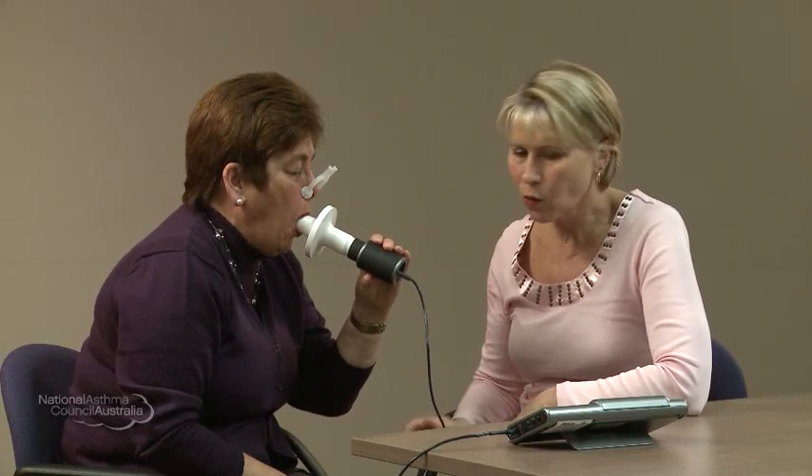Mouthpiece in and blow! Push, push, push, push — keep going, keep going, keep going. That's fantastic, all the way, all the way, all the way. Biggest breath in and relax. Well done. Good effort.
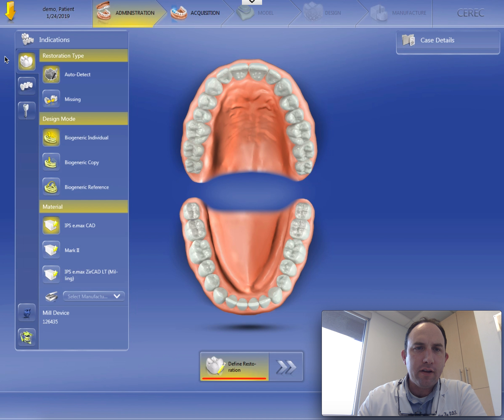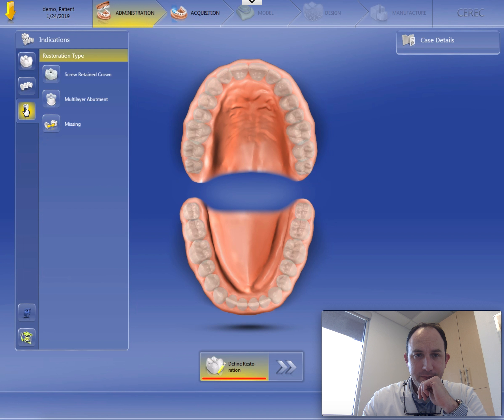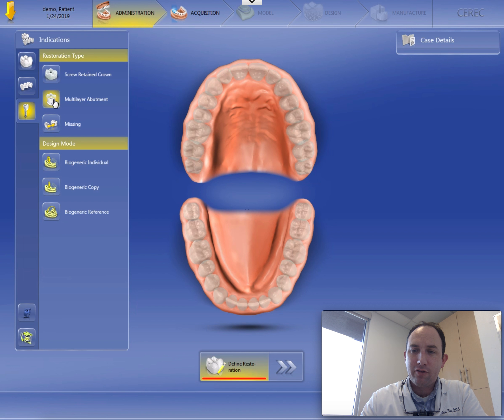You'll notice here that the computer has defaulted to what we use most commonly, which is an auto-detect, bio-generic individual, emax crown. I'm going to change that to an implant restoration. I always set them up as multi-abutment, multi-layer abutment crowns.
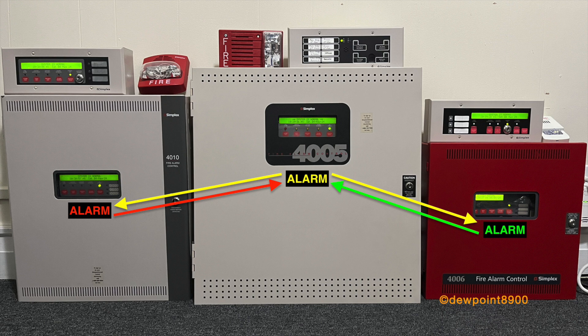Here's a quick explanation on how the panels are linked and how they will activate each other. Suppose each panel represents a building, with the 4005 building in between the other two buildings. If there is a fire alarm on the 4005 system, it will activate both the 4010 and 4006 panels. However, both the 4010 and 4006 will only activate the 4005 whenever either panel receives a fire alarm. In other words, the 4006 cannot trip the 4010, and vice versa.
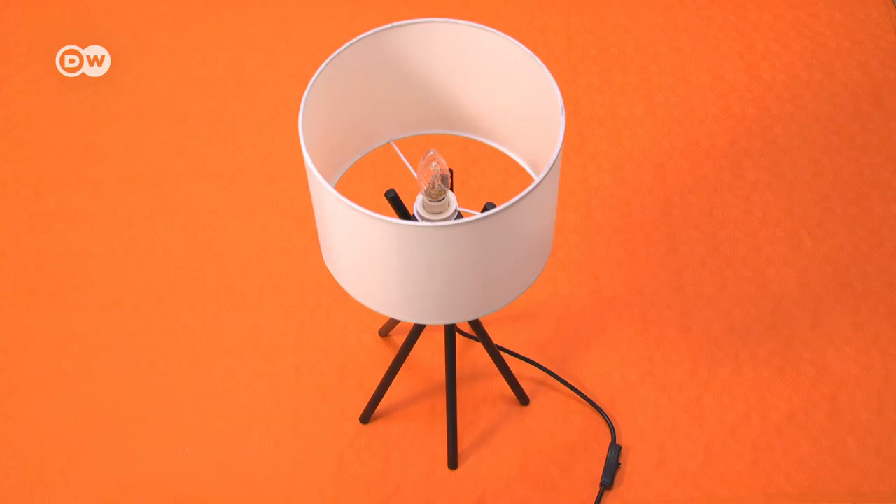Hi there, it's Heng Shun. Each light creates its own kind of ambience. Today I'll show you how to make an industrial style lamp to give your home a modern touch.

◆ ◆ ◆ ◆

Nothing but the text of the listing should be set down, exactly, with the pictures left behind.

Mouthpiece in and blow! Push, push, push, push — keep going, keep going, keep going. That's fantastic, all the way, all the way, all the way. Biggest breath in and relax. Well done. Good effort.
You'll notice here that the computer has defaulted to what we use most commonly, which is an auto-detect, bio-generic individual, emax crown. I'm going to change that to an implant restoration. I always set them up as multi-abutment, multi-layer abutment crowns.
Here's a quick explanation on how the panels are linked and how they will activate each other. Suppose each panel represents a building, with the 4005 building in between the other two buildings. If there is a fire alarm on the 4005 system, it will activate both the 4010 and 4006 panels. However, both the 4010 and 4006 will only activate the 4005 whenever either panel receives a fire alarm. In other words, the 4006 cannot trip the 4010, and vice versa.
Hi there, it's Heng Shun. Each light creates its own kind of ambience. Today I'll show you how to make an industrial style lamp to give your home a modern touch.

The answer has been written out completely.